Last month, anti-transgender activist Riley Gaines spoke at Harvard University on behalf of the Harvard’s Network of Enlightened Women.
Gaines has become an outspoken critic of transgender athletes competing against athletes of their chosen gender after having raced against Lia K. Thomas, the first openly transgender woman to win an NCAA swimming event.
“Men are men, women are women. There are only two sexes. You can’t change your sex and each sex is deserving of equal opportunities,” Gaines said during her appearance.
The Harvard Crimson Editorial Board offered up a scathing response to Gaines’s appearance and rhetoric.

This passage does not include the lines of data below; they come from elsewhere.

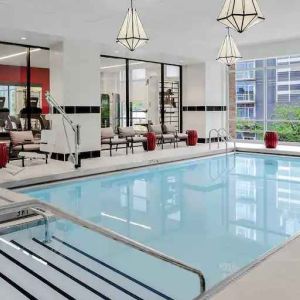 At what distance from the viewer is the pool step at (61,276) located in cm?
305

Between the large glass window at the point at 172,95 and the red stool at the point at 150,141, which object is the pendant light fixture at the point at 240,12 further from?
the large glass window at the point at 172,95

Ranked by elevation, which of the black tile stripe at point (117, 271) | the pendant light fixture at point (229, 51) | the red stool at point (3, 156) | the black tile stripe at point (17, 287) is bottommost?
the black tile stripe at point (117, 271)

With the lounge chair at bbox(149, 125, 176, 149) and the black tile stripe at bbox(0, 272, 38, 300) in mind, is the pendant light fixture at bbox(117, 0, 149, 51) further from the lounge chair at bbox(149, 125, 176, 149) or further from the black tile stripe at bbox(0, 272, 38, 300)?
the lounge chair at bbox(149, 125, 176, 149)

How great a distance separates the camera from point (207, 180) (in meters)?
8.45

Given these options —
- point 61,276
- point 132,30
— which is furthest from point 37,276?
point 132,30

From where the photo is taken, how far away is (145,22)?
8305 mm

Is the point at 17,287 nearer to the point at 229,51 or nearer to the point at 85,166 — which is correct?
the point at 85,166

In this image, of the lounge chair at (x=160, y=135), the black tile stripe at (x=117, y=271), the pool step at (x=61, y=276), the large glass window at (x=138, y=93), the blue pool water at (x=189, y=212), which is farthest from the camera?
the large glass window at (x=138, y=93)

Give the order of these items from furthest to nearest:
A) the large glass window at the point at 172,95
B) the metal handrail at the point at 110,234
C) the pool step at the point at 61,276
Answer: the large glass window at the point at 172,95 → the pool step at the point at 61,276 → the metal handrail at the point at 110,234

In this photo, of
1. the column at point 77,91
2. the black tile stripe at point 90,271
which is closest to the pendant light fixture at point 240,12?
the black tile stripe at point 90,271

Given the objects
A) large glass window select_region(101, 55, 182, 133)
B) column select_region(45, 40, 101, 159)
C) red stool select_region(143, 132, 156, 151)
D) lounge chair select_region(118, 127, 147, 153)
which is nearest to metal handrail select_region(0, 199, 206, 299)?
column select_region(45, 40, 101, 159)

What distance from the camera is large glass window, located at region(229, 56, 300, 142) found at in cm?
1364

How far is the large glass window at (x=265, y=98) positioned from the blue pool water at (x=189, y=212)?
412cm

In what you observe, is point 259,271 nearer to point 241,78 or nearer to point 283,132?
point 283,132
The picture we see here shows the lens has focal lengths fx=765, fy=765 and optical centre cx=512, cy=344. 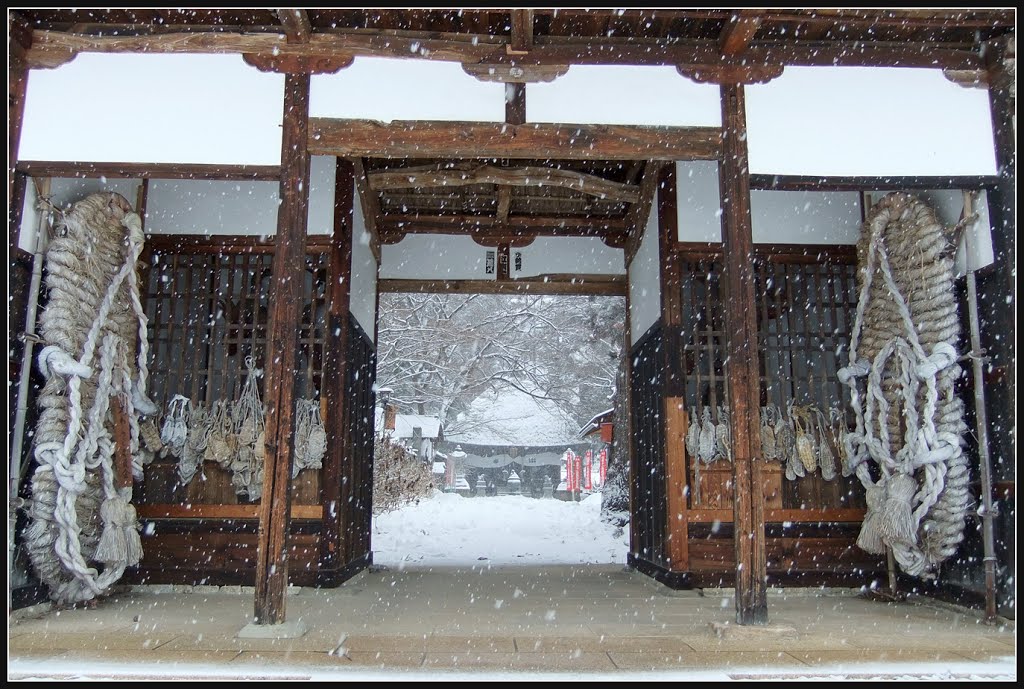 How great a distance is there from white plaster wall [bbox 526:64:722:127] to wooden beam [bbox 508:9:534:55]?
0.73 feet

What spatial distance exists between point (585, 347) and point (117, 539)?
15.7 m

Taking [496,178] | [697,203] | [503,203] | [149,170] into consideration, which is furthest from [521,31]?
[503,203]

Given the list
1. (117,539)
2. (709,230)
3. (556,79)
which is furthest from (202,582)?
Answer: (709,230)

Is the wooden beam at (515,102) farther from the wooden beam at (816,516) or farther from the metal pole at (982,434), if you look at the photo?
the wooden beam at (816,516)

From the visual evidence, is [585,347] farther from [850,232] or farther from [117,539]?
[117,539]

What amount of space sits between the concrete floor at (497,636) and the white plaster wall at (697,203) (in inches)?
107

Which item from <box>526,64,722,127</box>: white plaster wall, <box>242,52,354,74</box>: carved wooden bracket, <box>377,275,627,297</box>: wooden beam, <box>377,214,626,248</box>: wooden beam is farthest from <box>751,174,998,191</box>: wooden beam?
<box>377,275,627,297</box>: wooden beam

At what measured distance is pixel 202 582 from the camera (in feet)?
18.1

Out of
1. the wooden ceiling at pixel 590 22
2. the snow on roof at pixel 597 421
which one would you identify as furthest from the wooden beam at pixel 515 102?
the snow on roof at pixel 597 421

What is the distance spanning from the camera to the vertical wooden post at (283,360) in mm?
3711

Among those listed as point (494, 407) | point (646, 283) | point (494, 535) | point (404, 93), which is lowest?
point (494, 535)

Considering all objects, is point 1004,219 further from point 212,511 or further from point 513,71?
point 212,511

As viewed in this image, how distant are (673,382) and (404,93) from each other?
118 inches

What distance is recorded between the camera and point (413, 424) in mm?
18906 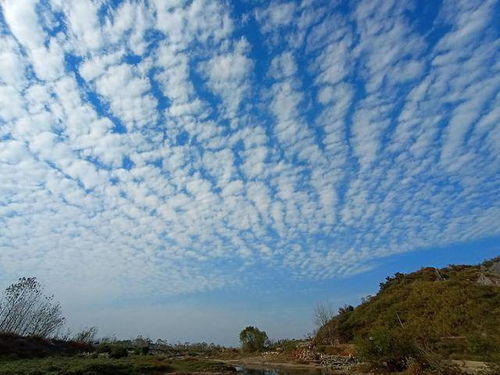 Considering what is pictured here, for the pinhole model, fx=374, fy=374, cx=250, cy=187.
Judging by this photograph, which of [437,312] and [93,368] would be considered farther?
[437,312]

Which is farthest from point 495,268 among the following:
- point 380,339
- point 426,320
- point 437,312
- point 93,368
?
point 93,368

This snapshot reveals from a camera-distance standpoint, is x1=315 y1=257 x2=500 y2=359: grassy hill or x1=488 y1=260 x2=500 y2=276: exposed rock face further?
x1=488 y1=260 x2=500 y2=276: exposed rock face

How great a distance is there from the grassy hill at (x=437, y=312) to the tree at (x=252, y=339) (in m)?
9.67

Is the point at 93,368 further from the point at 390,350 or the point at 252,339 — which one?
the point at 252,339

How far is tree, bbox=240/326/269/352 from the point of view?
54344mm

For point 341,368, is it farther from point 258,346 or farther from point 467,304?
point 258,346

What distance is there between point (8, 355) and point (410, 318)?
3994 centimetres

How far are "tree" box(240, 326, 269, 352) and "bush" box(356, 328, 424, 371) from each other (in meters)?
32.8

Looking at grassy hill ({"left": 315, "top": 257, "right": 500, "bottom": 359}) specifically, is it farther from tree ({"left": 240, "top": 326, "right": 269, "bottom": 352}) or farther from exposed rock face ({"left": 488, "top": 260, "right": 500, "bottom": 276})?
tree ({"left": 240, "top": 326, "right": 269, "bottom": 352})

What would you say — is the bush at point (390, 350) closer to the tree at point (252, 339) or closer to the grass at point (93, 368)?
the grass at point (93, 368)

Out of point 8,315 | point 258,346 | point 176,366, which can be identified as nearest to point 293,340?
point 258,346

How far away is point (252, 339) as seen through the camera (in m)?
54.9

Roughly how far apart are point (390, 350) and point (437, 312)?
16.6 meters

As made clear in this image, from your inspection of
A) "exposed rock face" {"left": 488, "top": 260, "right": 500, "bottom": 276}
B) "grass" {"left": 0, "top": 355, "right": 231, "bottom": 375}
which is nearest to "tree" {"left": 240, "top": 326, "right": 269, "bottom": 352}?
"grass" {"left": 0, "top": 355, "right": 231, "bottom": 375} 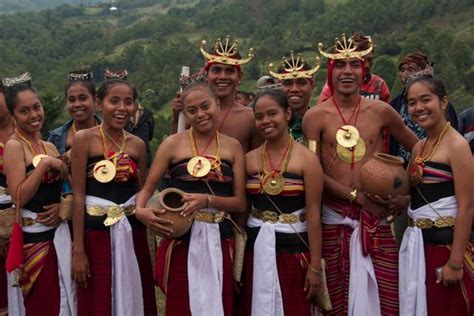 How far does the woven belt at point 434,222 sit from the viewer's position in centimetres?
479

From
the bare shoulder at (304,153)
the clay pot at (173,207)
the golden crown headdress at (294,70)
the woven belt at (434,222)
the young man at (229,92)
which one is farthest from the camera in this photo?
the golden crown headdress at (294,70)

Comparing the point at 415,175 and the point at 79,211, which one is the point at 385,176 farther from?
the point at 79,211

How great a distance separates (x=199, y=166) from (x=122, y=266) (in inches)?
45.7

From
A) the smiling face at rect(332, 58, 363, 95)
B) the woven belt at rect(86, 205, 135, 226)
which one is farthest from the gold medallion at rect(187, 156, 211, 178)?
the smiling face at rect(332, 58, 363, 95)

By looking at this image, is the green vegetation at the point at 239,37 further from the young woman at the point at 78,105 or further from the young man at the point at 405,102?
the young man at the point at 405,102

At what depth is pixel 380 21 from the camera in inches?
3206

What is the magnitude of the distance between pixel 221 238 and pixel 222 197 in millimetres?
356

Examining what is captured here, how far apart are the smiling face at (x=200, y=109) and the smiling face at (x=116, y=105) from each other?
0.63m

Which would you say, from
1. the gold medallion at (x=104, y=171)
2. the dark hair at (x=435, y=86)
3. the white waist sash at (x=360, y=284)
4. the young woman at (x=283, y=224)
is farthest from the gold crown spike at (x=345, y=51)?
the gold medallion at (x=104, y=171)

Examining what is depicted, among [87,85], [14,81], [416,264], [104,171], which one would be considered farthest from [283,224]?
[14,81]

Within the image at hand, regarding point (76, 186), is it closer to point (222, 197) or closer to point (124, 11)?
point (222, 197)

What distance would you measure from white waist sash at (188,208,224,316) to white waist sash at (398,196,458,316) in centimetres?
150

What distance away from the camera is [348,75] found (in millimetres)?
5391

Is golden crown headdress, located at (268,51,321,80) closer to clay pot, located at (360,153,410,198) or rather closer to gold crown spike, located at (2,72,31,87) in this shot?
clay pot, located at (360,153,410,198) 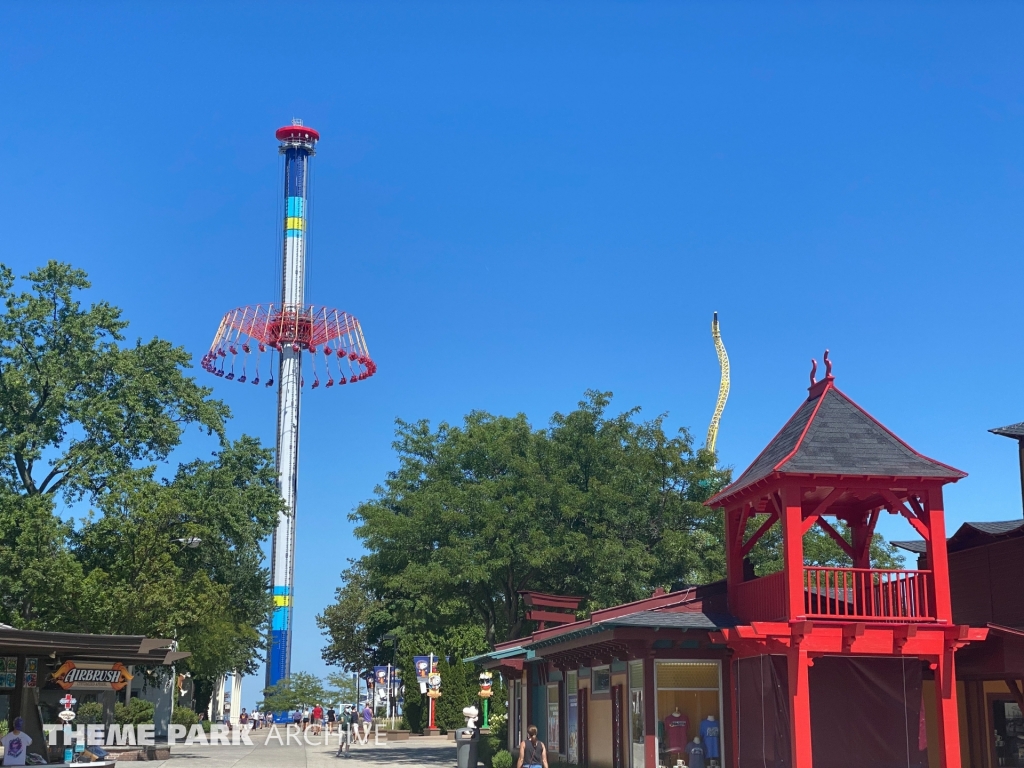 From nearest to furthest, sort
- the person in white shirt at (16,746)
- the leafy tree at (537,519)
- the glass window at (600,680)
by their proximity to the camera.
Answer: the person in white shirt at (16,746) < the glass window at (600,680) < the leafy tree at (537,519)

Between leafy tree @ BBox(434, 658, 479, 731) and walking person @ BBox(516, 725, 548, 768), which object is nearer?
walking person @ BBox(516, 725, 548, 768)

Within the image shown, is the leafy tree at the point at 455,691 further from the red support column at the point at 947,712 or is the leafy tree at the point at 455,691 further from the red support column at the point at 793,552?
the red support column at the point at 947,712

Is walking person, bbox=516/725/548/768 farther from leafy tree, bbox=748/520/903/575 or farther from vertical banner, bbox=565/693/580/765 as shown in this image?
leafy tree, bbox=748/520/903/575

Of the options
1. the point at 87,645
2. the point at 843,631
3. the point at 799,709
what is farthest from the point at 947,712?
the point at 87,645

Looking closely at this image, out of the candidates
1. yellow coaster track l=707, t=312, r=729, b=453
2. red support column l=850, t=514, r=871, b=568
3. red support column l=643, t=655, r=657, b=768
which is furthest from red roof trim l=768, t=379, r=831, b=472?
yellow coaster track l=707, t=312, r=729, b=453

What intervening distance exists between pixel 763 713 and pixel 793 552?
3.26m

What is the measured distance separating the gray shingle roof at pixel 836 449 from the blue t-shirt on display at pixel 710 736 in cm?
446

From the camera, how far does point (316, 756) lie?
37.2 metres

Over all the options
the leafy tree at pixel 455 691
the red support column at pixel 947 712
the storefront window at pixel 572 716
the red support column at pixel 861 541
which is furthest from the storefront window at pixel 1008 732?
the leafy tree at pixel 455 691

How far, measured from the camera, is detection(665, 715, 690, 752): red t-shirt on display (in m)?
22.2

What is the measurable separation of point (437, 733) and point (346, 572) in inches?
1085

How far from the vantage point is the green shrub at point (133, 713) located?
3872 cm

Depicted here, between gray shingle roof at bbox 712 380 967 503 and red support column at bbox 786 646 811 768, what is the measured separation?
3281mm

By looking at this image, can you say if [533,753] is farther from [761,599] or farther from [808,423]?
[808,423] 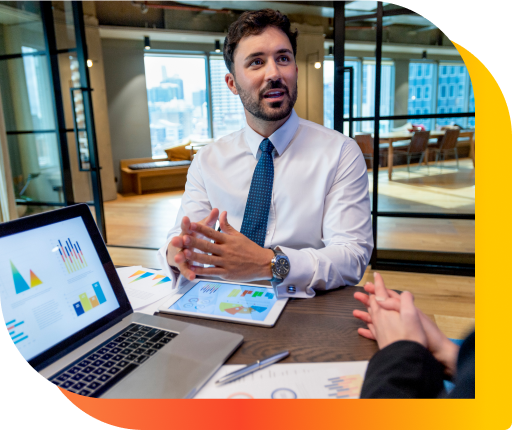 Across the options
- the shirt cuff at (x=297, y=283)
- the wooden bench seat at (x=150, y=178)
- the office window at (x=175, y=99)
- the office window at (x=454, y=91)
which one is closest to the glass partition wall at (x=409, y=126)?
the office window at (x=454, y=91)

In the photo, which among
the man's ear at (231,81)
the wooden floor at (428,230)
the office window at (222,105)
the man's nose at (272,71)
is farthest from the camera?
the office window at (222,105)

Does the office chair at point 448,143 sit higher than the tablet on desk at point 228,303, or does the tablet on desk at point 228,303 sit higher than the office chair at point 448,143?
the office chair at point 448,143

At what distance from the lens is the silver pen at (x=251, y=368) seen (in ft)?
2.15

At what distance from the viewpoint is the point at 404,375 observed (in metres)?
0.57

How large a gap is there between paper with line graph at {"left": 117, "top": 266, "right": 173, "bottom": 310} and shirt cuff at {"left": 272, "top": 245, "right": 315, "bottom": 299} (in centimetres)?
31

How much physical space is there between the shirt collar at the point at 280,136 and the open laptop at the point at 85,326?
0.78m

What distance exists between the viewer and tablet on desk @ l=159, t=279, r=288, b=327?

“By misgendering and mocking trans athletes for the entertainment of the crowd, as well as belittling the charge of transphobia as a “term of endearment,” Gaines displayed a deplorable disrespect for the transgender community that we, as an Editorial Board, must explicitly condemn,” wrote the Board. “…the value of a free market of ideas does not amount to a get-out-of-jail-free card for hateful rhetoric, nor does it preclude the organizations platforming said rhetoric from criticism. Fruitful discourse, especially on sensitive issues, is contingent upon both parties recognizing the dignity and legitimacy of their counterpart.
Gaines’s comments are particularly pernicious because they embody how a myopic focus on trans athletes has been used in some conservative circles to attack the rights — indeed, the very existence — of trans individuals more broadly. The malicious conflation between trans women’s participation in sports and trans identity in general, which falsely frames the latter as an “issue” up for debate, only serves to advance a hateful agenda writ large.”
During Gaines’ appearance, protestors organized a “Big Trans Party” nearby. Schuyler M. Bailar, a former Harvard swimmer and the first openly transgender man to compete in NCAA Division I athletics, also gave a speech.
“People like her are happening because we’re making progress, right? Because we’re more visible than we ever were before. Because we actually are striving for more than what the box is that they put us in,” he said.